Chapter 35. Batch Insertion

Neo4j has a batch insertion facility intended for initial imports, which bypasses transactions and other checks in favor of performance. This is useful when you have a big dataset that needs to be loaded once.

Batch insertion is included in the neo4j-kernel component, which is part of all Neo4j distributions and editions.

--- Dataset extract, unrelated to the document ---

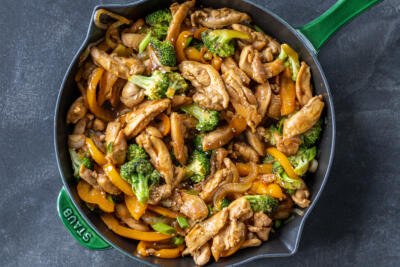 Chicken Stir Fry in a pan with sesame on top.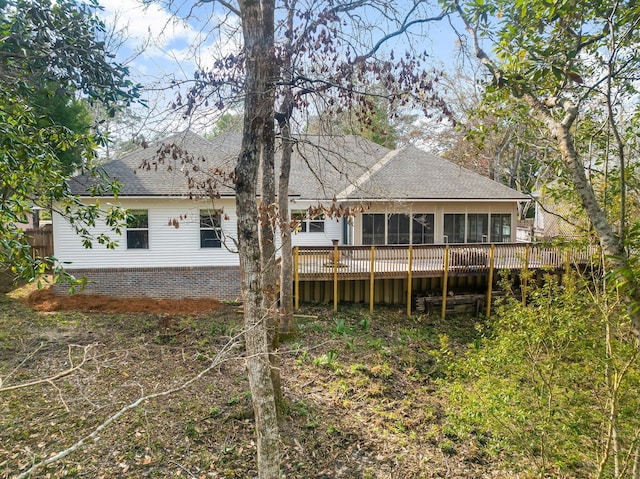 back of house featuring a deck, brick siding, roof with shingles, and a sunroom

Be aware of the following points when using batch insertion:

  • The intended use is for initial import of data but you can use it on an existing database if the existing database is shutdown first.
  • Batch insertion is not thread safe.
  • Batch insertion is non-transactional.
  • Batch insertion is not enforcing constraints on the inserted data while inserting data.
  • Batch insertion will re-populate all existing indexes and indexes created during batch insertion on shutdown.
  • Batch insertion will verify all existing constraints and constraints created during batch insertion on shutdown.
  • Unless shutdown is successfully invoked at the end of the import, the database files will be corrupt.
[Warning]Warning

Always perform batch insertion in a single thread (or use synchronization to make only one thread at a time access the batch inserter) and invoke shutdown when finished.

[Warning]Warning

Since the batch insertion doesn’t enforce constraint during data loading, if the inserted data violate any constraint the batch inserter will fail on shutdown and the database will be inconsistent.